Reliably diagnosing and treating diabetic ketoacidosis (DKA) is dependent on the quality of the laboratory and point of care (POC) testing performed. With regard to ketones, assessment of ketonemia has been supplanting urine ketone testing in both clinical practice and in recent diabetes guideline recommendations. There is an emerging consensus that blood beta-hydroxybutyrate (BOHB) measurement be used when assessing patients with possible DKA, with its availability as a point of care test only adding to its appeal. However, there are still a number of issues related to the measurement of blood ketones which have yet to be fully resolved (1). One such issue is that it is not known whether the POC or laboratory BOHB assays we currently use perform adequately for the clinical purpose to which they are intended. We therefore used existing authoritative diabetes guidelines to clinically determine the required performance of a BOHB assay by examining the test’s use in DKA diagnosis and treatment.

Regarding diagnosis of DKA, we used the pragmatic assumption that the blood BOHB assay should be able to perform sufficiently to reliably distinguish between a “normal” BOHB (<0.6 mmol/L) and “impending ketoacidosis” (1.6 to 2.9 mmol/L) and vice versa, or tell apart a value in the 0.6 to 1.5 mmol/L category (“ketonemia”) from one which is ≥3 mmol/L (“probable DKA”) and vice versa.
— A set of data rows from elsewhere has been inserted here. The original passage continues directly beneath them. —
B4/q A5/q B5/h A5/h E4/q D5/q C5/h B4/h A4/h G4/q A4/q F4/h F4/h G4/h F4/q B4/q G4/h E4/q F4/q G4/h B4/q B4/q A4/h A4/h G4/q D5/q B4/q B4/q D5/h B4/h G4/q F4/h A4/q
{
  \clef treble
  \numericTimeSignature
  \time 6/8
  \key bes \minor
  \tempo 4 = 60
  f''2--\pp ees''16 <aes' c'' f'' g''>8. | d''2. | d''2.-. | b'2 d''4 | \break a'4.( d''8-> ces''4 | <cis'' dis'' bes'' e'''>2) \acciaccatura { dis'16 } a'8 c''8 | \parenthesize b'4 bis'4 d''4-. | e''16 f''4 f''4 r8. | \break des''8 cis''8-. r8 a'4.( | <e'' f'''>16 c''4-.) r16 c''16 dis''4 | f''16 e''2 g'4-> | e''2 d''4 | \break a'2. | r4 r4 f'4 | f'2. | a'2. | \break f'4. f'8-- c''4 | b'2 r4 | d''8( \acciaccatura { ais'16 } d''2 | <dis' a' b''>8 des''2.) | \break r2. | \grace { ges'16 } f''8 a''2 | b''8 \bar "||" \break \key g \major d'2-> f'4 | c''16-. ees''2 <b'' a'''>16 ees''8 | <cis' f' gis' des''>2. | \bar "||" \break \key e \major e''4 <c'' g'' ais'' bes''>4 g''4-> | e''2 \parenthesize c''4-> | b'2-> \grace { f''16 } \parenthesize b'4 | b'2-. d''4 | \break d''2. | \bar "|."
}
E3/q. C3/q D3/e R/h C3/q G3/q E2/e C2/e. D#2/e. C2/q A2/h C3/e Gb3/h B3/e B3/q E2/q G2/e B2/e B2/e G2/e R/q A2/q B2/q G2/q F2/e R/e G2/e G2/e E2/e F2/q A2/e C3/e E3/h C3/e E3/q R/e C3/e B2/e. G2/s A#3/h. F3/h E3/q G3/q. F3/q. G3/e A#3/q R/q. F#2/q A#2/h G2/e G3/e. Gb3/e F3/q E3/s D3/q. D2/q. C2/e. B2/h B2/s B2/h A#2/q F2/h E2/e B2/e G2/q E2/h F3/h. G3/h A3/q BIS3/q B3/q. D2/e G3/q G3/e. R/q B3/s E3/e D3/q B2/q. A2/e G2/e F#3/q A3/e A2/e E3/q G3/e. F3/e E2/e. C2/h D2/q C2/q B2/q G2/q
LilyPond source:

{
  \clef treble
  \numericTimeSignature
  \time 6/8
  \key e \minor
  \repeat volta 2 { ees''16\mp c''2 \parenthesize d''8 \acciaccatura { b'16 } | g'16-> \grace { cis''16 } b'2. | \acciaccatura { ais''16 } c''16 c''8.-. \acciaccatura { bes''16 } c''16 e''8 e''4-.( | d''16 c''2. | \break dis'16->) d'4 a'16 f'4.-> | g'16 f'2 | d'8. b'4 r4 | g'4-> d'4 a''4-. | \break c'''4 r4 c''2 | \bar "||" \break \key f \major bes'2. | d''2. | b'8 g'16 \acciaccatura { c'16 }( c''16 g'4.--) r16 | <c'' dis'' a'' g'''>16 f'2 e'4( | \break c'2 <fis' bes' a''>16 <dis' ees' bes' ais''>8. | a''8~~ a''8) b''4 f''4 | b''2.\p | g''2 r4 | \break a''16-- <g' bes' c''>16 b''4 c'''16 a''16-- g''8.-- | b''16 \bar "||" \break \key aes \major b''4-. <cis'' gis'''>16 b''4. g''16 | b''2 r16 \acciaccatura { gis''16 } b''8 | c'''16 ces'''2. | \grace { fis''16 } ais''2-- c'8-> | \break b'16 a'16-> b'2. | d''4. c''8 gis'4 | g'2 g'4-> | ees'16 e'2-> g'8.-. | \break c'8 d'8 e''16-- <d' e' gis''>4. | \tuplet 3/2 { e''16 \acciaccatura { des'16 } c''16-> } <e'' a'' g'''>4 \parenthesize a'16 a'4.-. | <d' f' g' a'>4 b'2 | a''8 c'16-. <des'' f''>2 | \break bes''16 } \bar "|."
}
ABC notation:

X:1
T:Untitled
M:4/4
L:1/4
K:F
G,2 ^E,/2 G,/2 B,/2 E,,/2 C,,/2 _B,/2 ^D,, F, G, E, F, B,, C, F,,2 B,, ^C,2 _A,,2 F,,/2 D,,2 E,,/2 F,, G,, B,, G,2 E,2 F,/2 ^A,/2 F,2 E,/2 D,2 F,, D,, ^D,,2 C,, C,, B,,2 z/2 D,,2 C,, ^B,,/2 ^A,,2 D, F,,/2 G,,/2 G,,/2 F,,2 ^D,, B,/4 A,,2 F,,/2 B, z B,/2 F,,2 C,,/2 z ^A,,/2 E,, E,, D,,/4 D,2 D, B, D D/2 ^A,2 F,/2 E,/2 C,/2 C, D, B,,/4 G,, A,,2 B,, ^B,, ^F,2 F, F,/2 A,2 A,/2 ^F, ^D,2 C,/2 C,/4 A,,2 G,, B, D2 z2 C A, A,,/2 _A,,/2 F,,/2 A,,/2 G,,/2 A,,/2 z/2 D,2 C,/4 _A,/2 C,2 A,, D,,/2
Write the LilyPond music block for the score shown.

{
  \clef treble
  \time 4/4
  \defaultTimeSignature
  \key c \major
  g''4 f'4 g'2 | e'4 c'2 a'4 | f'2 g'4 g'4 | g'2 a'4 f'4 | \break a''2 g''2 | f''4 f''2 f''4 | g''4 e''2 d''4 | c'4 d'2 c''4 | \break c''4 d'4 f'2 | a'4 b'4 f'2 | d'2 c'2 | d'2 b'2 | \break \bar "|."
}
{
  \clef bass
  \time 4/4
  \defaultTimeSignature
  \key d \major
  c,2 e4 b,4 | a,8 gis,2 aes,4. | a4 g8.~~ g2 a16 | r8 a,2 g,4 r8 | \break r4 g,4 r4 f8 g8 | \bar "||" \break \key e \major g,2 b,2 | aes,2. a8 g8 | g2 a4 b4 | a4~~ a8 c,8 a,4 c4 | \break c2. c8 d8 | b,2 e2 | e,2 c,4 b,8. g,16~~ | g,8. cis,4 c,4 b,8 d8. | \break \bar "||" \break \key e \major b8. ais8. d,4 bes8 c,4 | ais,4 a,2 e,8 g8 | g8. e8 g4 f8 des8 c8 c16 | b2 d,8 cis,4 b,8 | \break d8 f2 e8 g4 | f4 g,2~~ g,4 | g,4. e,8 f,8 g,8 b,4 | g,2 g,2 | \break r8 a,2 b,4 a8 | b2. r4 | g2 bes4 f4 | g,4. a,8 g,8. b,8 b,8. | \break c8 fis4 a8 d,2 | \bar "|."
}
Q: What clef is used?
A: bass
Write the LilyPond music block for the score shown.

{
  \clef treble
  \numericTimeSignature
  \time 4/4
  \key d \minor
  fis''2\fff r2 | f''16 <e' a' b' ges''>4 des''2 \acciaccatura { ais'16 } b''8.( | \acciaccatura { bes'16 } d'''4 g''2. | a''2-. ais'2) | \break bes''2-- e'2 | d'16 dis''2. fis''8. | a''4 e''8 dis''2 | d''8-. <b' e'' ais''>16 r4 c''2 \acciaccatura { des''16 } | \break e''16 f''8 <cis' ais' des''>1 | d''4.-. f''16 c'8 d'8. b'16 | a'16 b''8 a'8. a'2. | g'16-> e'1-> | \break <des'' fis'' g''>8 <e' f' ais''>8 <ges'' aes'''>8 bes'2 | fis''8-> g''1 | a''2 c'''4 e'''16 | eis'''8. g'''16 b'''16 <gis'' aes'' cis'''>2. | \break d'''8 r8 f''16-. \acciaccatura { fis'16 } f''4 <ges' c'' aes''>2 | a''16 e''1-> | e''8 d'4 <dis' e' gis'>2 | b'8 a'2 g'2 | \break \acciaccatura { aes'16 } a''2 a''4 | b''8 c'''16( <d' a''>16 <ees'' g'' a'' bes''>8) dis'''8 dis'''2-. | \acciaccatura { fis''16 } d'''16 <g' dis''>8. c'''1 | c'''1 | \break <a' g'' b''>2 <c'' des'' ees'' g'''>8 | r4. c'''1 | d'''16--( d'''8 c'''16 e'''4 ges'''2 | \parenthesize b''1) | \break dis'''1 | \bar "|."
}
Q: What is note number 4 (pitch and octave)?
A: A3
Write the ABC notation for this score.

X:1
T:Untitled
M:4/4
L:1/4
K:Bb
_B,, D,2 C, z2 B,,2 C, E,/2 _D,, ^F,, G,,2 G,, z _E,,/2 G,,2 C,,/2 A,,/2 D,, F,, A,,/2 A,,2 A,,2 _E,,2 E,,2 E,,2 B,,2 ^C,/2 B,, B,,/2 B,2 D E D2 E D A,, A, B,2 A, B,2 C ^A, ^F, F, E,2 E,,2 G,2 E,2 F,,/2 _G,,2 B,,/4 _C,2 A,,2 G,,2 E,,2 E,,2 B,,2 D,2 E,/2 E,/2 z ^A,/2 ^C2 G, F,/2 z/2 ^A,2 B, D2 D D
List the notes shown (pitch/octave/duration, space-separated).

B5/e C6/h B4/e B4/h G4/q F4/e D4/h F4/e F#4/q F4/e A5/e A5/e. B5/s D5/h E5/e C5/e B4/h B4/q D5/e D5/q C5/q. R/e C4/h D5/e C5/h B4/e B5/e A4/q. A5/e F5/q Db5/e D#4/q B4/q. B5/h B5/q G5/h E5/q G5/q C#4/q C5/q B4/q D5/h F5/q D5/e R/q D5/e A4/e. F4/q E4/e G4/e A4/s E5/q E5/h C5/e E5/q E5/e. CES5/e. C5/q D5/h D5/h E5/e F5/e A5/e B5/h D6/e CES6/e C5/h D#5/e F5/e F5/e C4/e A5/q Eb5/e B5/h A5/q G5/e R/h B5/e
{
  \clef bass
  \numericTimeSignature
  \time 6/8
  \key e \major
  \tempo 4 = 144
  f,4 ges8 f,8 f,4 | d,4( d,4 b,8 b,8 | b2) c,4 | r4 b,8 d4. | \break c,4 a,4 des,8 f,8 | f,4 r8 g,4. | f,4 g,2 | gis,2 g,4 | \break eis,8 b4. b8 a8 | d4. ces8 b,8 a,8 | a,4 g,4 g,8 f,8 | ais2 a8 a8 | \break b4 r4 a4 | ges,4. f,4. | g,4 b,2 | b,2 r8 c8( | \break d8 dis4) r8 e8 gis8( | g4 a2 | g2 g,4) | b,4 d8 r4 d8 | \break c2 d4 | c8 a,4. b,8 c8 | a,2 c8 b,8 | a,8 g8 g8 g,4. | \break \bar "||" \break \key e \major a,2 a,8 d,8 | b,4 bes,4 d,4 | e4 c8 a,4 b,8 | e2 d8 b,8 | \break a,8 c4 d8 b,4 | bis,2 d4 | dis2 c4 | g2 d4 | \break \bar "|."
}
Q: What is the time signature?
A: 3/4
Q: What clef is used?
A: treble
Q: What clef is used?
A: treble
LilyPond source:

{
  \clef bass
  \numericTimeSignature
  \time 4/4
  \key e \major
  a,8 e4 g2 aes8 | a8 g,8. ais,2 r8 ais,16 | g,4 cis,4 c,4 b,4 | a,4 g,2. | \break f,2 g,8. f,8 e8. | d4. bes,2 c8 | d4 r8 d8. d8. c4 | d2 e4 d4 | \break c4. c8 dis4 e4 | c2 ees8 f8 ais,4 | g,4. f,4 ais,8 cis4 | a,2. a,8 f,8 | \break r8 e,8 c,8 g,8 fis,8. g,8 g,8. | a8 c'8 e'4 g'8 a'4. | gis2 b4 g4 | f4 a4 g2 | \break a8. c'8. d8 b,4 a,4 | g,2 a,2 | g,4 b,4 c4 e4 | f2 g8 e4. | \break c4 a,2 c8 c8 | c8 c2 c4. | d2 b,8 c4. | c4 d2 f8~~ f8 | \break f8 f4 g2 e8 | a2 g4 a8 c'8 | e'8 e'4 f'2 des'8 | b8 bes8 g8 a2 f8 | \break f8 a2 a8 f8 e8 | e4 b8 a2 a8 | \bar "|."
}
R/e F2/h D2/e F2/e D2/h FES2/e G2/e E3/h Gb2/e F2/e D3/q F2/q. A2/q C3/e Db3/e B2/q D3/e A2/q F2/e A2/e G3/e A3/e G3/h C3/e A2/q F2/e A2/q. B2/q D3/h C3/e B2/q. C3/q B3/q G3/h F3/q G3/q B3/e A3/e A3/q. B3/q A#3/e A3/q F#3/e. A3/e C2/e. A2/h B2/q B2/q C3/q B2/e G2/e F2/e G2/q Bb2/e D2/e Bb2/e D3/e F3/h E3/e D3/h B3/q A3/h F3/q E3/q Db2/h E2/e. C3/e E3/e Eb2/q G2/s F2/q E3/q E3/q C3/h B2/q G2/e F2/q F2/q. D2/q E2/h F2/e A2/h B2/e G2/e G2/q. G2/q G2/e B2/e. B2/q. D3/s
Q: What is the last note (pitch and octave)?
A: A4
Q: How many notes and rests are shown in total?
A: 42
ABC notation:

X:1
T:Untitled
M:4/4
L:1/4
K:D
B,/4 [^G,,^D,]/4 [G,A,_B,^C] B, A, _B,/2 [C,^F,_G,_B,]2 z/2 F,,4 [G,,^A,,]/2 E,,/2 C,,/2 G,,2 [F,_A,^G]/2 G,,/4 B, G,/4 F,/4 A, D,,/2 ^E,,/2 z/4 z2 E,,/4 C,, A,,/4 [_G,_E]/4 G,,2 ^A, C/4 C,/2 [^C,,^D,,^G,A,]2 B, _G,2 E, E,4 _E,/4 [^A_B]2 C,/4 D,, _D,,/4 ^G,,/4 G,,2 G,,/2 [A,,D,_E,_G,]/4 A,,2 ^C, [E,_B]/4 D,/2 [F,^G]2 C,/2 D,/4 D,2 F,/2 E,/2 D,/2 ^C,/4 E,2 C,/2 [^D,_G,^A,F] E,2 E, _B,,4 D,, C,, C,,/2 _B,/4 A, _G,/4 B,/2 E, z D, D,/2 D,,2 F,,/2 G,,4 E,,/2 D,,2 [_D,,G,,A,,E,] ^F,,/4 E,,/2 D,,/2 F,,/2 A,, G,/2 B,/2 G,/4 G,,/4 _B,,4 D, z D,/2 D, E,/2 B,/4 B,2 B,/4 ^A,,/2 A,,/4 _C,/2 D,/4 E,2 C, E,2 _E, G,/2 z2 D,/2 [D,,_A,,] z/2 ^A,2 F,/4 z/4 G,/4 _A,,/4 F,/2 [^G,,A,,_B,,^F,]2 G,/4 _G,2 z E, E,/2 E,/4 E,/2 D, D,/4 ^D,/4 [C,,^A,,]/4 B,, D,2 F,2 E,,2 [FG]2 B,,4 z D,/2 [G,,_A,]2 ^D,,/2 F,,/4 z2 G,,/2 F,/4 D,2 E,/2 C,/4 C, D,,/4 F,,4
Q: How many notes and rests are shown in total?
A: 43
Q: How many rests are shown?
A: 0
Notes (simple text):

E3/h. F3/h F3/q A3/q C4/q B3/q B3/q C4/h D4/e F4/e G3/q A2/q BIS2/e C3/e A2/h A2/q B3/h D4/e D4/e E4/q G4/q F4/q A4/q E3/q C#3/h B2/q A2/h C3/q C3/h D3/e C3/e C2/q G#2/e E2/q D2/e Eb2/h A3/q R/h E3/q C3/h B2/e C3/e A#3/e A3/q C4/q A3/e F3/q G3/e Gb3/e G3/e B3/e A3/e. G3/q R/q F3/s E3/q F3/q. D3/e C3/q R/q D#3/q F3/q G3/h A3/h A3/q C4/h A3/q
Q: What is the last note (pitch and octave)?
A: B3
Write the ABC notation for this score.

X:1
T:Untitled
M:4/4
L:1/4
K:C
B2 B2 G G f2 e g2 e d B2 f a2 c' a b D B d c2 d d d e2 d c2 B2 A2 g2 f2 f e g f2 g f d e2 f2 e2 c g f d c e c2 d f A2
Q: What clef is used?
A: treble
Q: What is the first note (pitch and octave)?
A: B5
A failure to distinguish between these non-adjacent diagnostic categories could lead to complete mismanagement of a patient. We found that an assay CV (combining within- and between day variation) of less than 21.5% at all relevant BOHB concentrations and zero bias was able to make this distinction with at least 99% probability, although if the assay had a significant bias then this could substantially reduce this CV such that, for example, a 0.8 mmol/L bias reduces the acceptable CV to just 10%.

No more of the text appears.